Un poliziotto in servizio nella Questura di Bari sarebbe stato sottoposto a procedimento disciplinare e trasferito come «ritorsione» per aver denunciato presunti illeciti commessi da colleghi. Dopo anni di battaglie giudiziarie dinanzi ai Tribunali amministrativi, l’ispettore ha avuto ragione. Il Consiglio di Stato ha annullato le sanzioni e condannato il Ministero dell’Interno a pagare 5mila euro di spese.
La vicenda inizia nel 2018, quando il poliziotto si vede attribuire punteggi peggiorativi nell’annuale rapporto informativo sul giudizio relativo all’attività di servizio.
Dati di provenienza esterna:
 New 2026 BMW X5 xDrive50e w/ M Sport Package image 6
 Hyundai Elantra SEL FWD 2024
Stessa cosa un anno. Ad agosto 2019 il poliziotto è addirittura destinatario della sanzione disciplinare del «richiamo orale» e a luglio 2023 ne viene disposto il trasferimento «per esigenze di servizio» dall’Ufficio prevenzione generale e soccorso pubblico-squadra sommozzatori al Commissariato Bari Nuova Carrassi.
Tutto questo è stato impugnato dinanzi al Tar. I giudici baresi un anno fa hanno parzialmente accolto il ricorso annullando la sola sanzione disciplinare del «richiamo orale», ma confermando la legittimità del trasferimento. Ora il Consiglio di Stato ha bocciato quella decisione, accogliendo pienamente l’appello del poliziotto, assistito dall’avvocato Pietro Ottolino, per la «natura ritorsiva degli atti impugnati» e ritenendo quindi sussistenti «le condizioni previste dalla legge per l’attivazione delle garanzie a tutela del cosiddetto whisterblowing» (la segnalazione di illeciti all’interno del proprio contesto lavorativo).
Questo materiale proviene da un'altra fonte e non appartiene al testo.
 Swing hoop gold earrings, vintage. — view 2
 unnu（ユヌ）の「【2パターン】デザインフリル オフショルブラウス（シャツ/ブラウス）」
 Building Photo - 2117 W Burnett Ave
Il poliziotto, infatti, tra il 2018 e il 2019 aveva denunciato e segnalato all’Anac e alla Procura diversi episodi di illeciti, reati contro la pubblica amministrazione, associativi e contro il patrimonio, che sarebbero stati commessi da colleghi. Subito dopo, era la sua tesi (condivisa dai giudici), aveva ottenuto punteggi al ribasso, poi una sanzione e infine il trasferimento. «La tutela dei lavoratori del settore pubblico che segnalino illeciti è prevista da numerose fonti di diritto nazionale e internazionale» spiega il Consiglio di Stato. Dopo aver analizzato gli atti, i giudici ritengono quindi che «gli atti posti in essere dall’amministrazione appellata rientrano nella nozione di “ritorsione”, che fa riferimento al caso del lavoratore “sanzionato, demansionato, licenziato, trasferito o sottoposto ad altra misura organizzativa avente effetti negativi sulle condizioni di lavoro”».
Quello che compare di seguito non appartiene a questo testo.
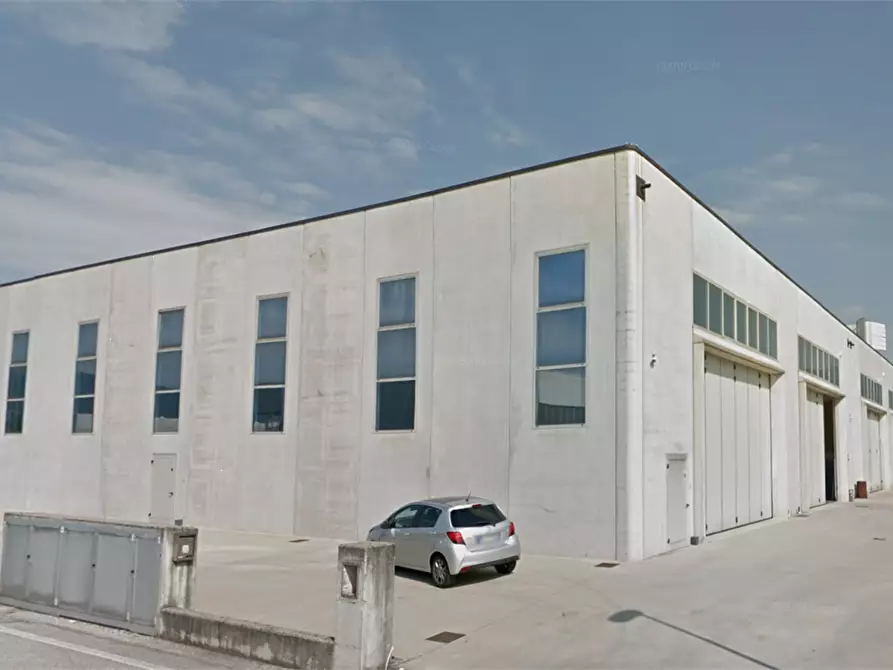 Immagine 6 di Magazzino in vendita  in Via Isaac Newton a Malo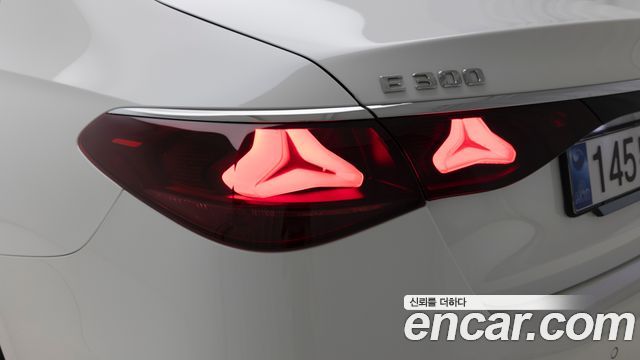 Mercedes-Benz E-Class (W214) E300 4MATIC Exclusive 2025 — фото 23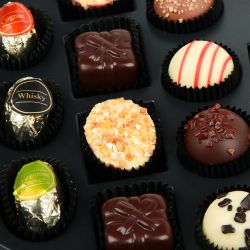 Czekoladki z okazji Dnia Dziadka Chocolate Box White z Twoimi życzeniami - MountBlanc - 3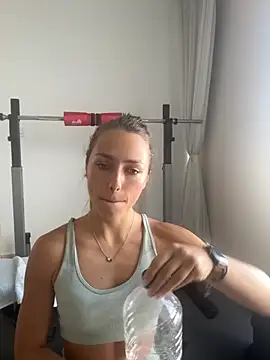 Snapshot of Hilary_283 chatting on September 9, 9:09 am Hilary 283 online show from September 9, 9:09 am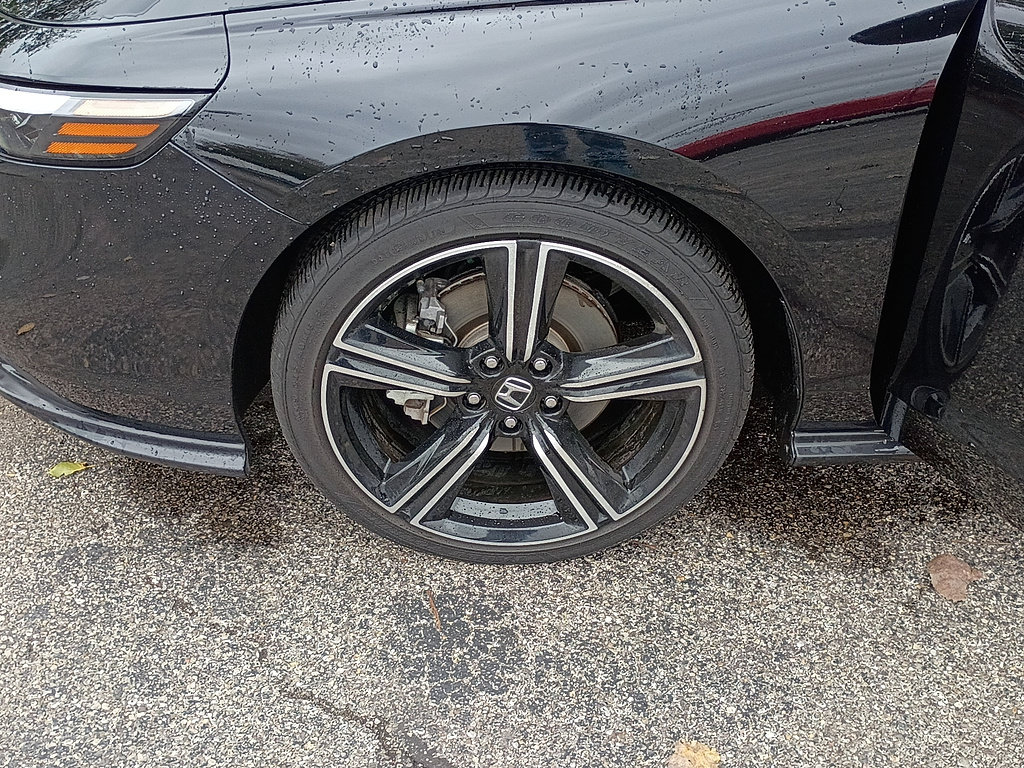 Certified 2024 Honda Accord Sport image 10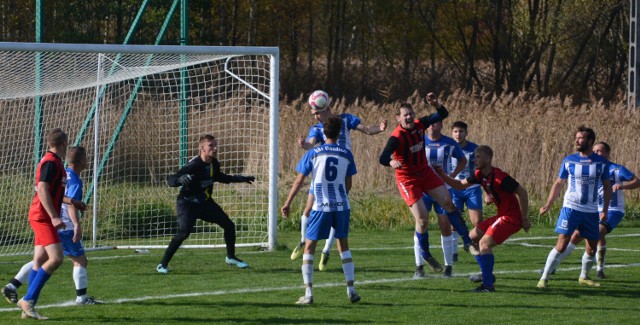 Gaudium Łężyny (biało-niebieskie stroje) wygrało z Wisłoką Błażkowa 4-0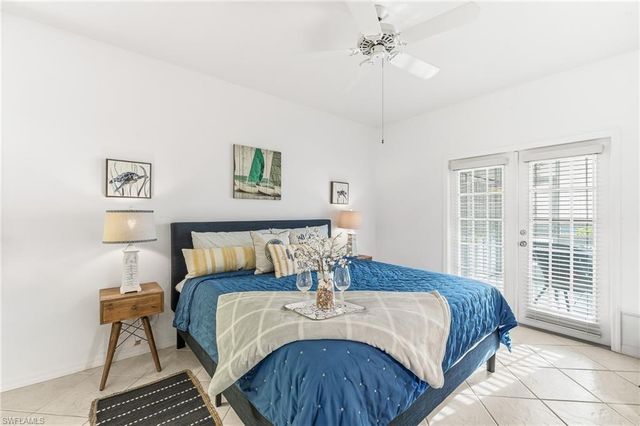 8161 Twelve Oaks CIR 512, Naples, FL 34113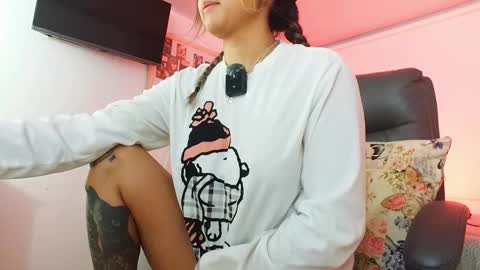 Snapshot of texas_curvykitten chatting on March 2026 09:02:01 AM texas_curvykitten online show from March 2026 09:02:01 AM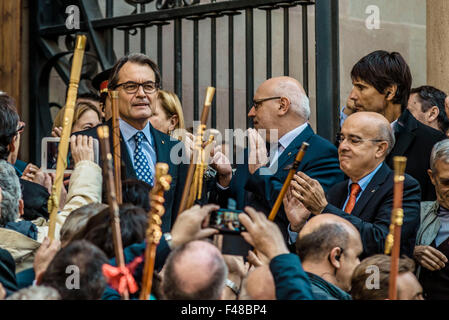 Barcelona, Spanien. 15. Oktober 2015. Katalanische Anführer ARTUR MAS verlässt der regionalen High Court nach Zeugenaussage über seine Rolle in letzten Jahren November "Referendum", '9N' beschuldigt des zivilen Ungehorsams, Machtmissbrauch und Veruntreuung von öffentlichen Geldern Credit: Matthi/Alamy Live-Nachrichten Stockfoto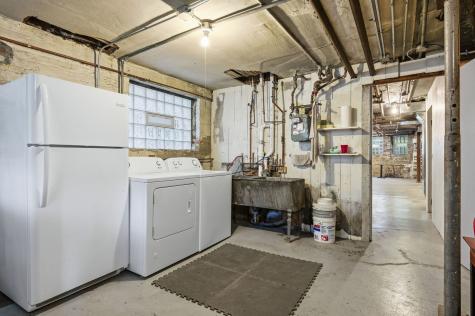 5227 North Glenwood Avenue Chicago IL 60640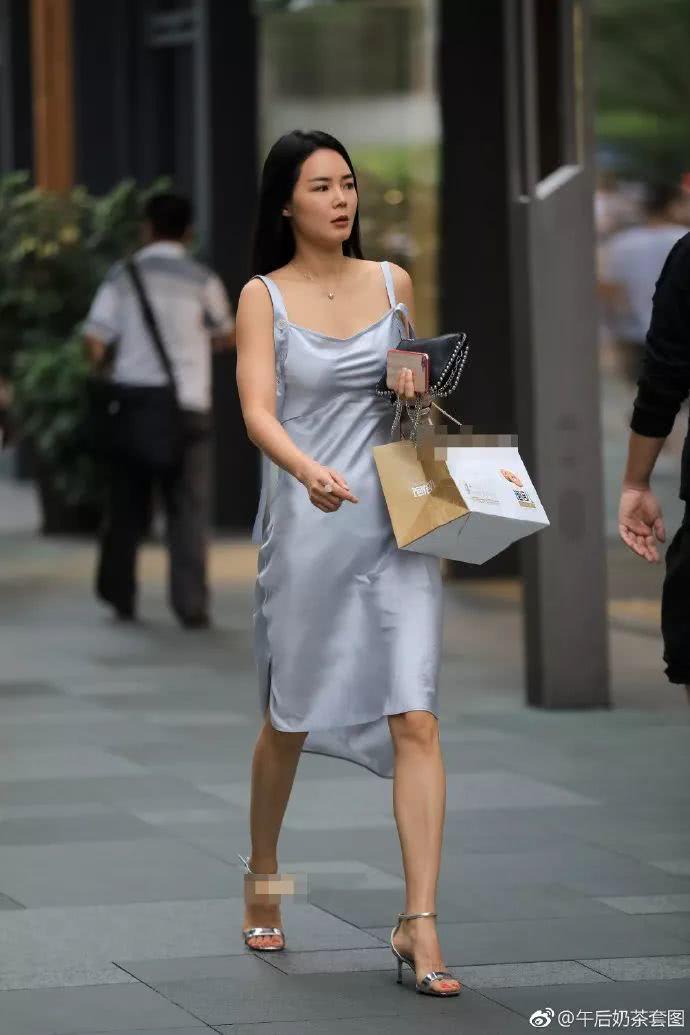 街拍：这样的真丝吊带裙，这个小姐姐一不小心就会走光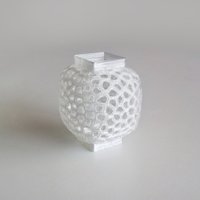 Voronoi Wind Vase 1 - Thumbnail 1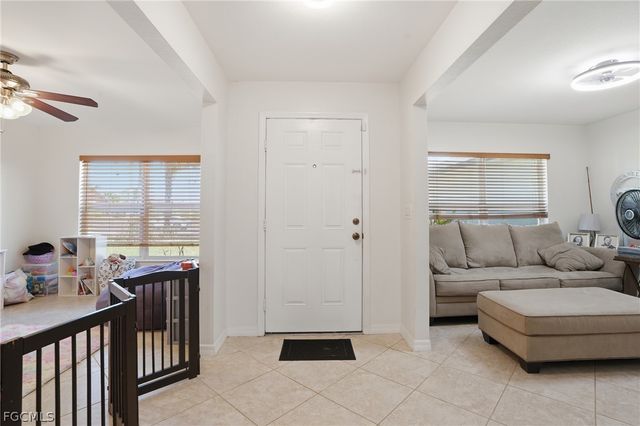 3310 NW 5th TER, Cape Coral, FL 33993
Palazzo Spada aggiunge, peraltro, che «l’amministrazione non ha fornito alcun elemento utile a vincere tale presunzione e dimostrare che le misure adottate nei confronti dell’appellante fossero motivate da ragioni estranee alle segnalazioni e denunce». Al contrario, secondo i giudici «pare addirittura emergere la prova che l’avvenuta presentazione delle segnalazioni abbia costituito proprio il motivo principale» dei provvedimenti disciplinari, il rapporto informativo che aveva attribuito una valutazione peggiorativa e poi il trasferimento ad un altro ufficio.
Il legale parla di «decisione storica» perché «chi denuncia illeciti nella pubblica amministrazione ora ha una tutela più forte e concreta».